After removing the small cubes the big cube frame has 44 small cubes.
So, total removed cubes = 125 – 44
= 81 cubes.

Q3:  Nisha has glued 27 small cubes together to make a large solid cube. She paints the large cube red. How many of the original small cubes have—
(a) three faces painted red?
(b) two faces painted red?
(c) one face painted red?
(d) no faces painted red?
Ans:
Nisha has a large solid cube made from 27 small cubes. Since 3 × 3 × 3 = 27, the large cube is a 3 × 3 × 3 cube.
She paints the entire large cube red.
(a) The large solid cube has 8 corner cubes, and each corner small cube is painted red.
So, 8 small cubes are three faces painted red.
(b) Since a cube has 12 edges or sides, and 1 cube in the middle of each edge is painted red.
So, there are 12 small cubes with two faces painted red.
(c) These are the small cubes located in the center of each face of the large cube. A cube has 6 faces. Each face of the large cube is a 3 × 3 square of small cubes. The center small cube of each 3 × 3 face has only one face exposed to the outside, or painted red. So, there are 6 small cubes with one face red.
(d) For a 3 × 3 × 3 = 27 cube, if we remove the outer layer of cubes, we are left with an inner cube. This means there is only 1 small cube right in the very center of the large cube that has no faces painted red.

Puzzle

Tanu arranged 7 shapes in a line. She used 2 squares, 2 triangles, 1 circle, 1 hexagon, and 1 rectangle.
Find her arrangement using the following clues:
(a) The square is between the circle and the rectangle.
(b) The rectangle is between the square and the triangle.
(c) The two triangles are next to the square.
(d) The hexagon is to the right of the triangle
(e) The circle is to the left of the square.
Ans: The arrangement is: Triangle, Circle, Square, Rectangle, Triangle, Hexagon, Square.

Page No. 103

Icosahedron and Dodecahedron

Q: What do these names mean? Once you count their faces, you will know.
Ans: Icosahedron: It is a geometric solid with 20 faces, typically shaped as equilateral triangles in the case of a regular icosahedron.
Dodecahedron: It is a three-dimensional shape having twelve plane faces, in particular a regular solid figure with twelve equal pentagonal faces.

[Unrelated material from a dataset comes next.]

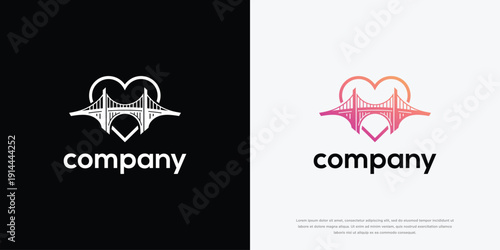 Modern Heart Bridge Logo Design Vector - Connection Love  Community Symbol.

Q: What shapes do you see in an icosahedron and a dodecahedron?
Ans:
Icosahedron: Equilateral triangles, Dodecahedron: Regular pentagons

Q: Do all the faces look the same?
Ans:
Icosahedron: Yes, Dodecahedron: Yes

Q: How many faces meet at a vertex (point)?
Ans:
Icosahedron: 5 faces (Equilateral triangles), Dodecahedron: 3 faces (Regular pentagons)

Q: Do the same number of faces meet at each vertex?
Ans:
Icosahedron: Yes, Dodecahedron: Yes

Q: How many edges do you see?
Ans: The edge is the line where two faces meet.
Icosahedron: It has 30 edges.
Dodecahedron: It has 30 edges.

Q: How did you count them such that you do not miss out any edge or count an edge twice?
Ans: For the Icosahedron: We can see that each of the 20 triangles has 3 sides,
so 20 x 3 = 60.
But each edge is shared by 2 triangles. So, we counted every edge twice. The real number is 60 ÷ 2 = 30 edges.
For the Dodecahedron: Each of the 12 pentagons has 5 sides,
so 12 x 5 = 60.
Again, each edge is shared by 2 pentagons.
So, 60 ÷ 2 = 30 edges.

Q: Can you think of any other solid shapes that have faces that look the same?
Ans:
Yes, there are a few other types of shapes where all faces are identical. These are known as platonic solids. Besides the icosahedron and dodecahedron, the other platonic solids are:

• Tetrahedron: 4 faces, all are equilateral triangles.
• Cube: 6 faces, all are squares.
• Octahedron: 8 faces, all are equilateral triangles.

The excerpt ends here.